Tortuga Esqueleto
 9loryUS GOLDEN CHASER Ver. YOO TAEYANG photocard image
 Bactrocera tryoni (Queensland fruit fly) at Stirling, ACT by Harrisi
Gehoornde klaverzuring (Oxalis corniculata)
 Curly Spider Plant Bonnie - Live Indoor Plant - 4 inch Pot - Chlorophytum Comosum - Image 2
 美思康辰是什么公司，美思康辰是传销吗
= = = = =
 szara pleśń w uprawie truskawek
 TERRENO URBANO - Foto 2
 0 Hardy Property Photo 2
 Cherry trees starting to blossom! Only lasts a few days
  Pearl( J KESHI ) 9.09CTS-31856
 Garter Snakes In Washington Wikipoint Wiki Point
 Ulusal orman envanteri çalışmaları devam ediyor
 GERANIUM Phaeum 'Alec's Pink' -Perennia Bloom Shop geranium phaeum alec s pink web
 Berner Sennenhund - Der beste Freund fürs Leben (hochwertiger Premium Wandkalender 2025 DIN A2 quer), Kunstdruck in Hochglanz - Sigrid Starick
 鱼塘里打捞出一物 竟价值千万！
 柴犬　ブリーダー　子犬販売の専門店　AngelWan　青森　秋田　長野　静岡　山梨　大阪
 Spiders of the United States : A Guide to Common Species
= = = = =
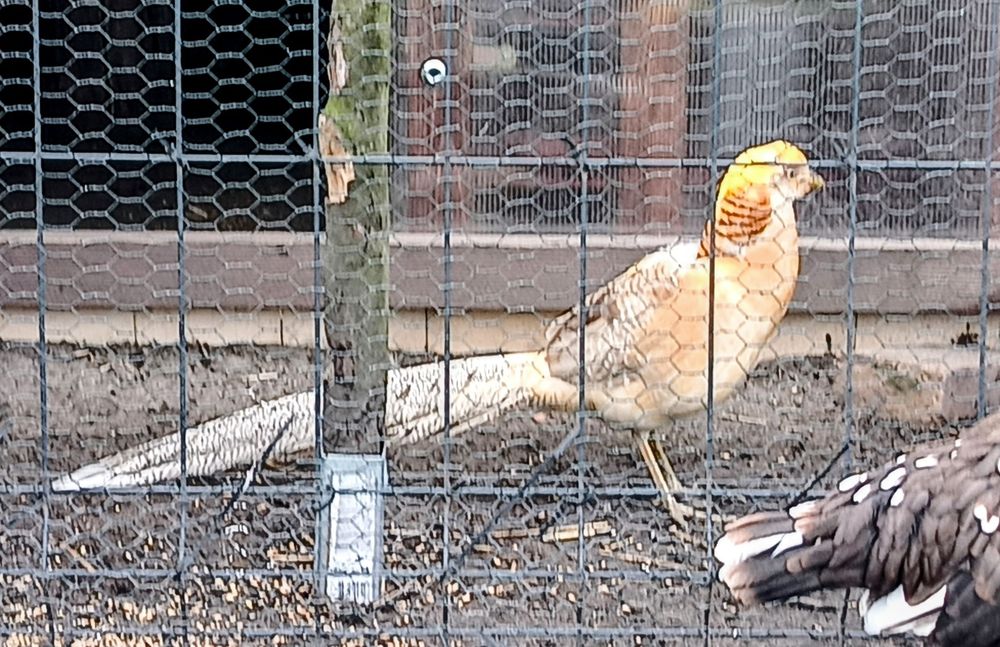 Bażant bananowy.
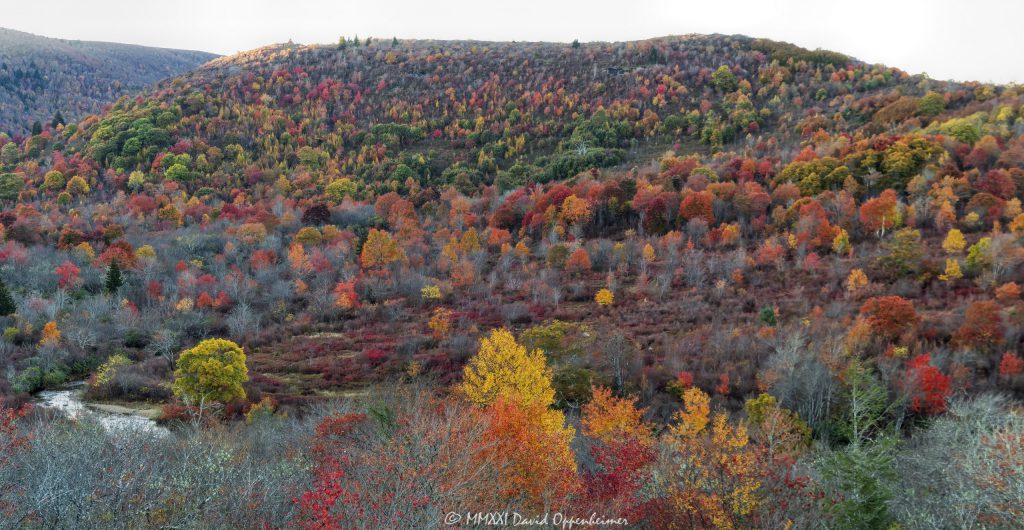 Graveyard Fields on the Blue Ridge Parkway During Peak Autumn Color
= = = = =
Your answer must be the lines above from the one containing "Curly Spider Plant" to the one containing "美思康辰是什么公司，美思康辰是传销吗", both included, restated word for word.

## REPLY TO THE EXERCISE
 Curly Spider Plant Bonnie - Live Indoor Plant - 4 inch Pot - Chlorophytum Comosum - Image 2
 美思康辰是什么公司，美思康辰是传销吗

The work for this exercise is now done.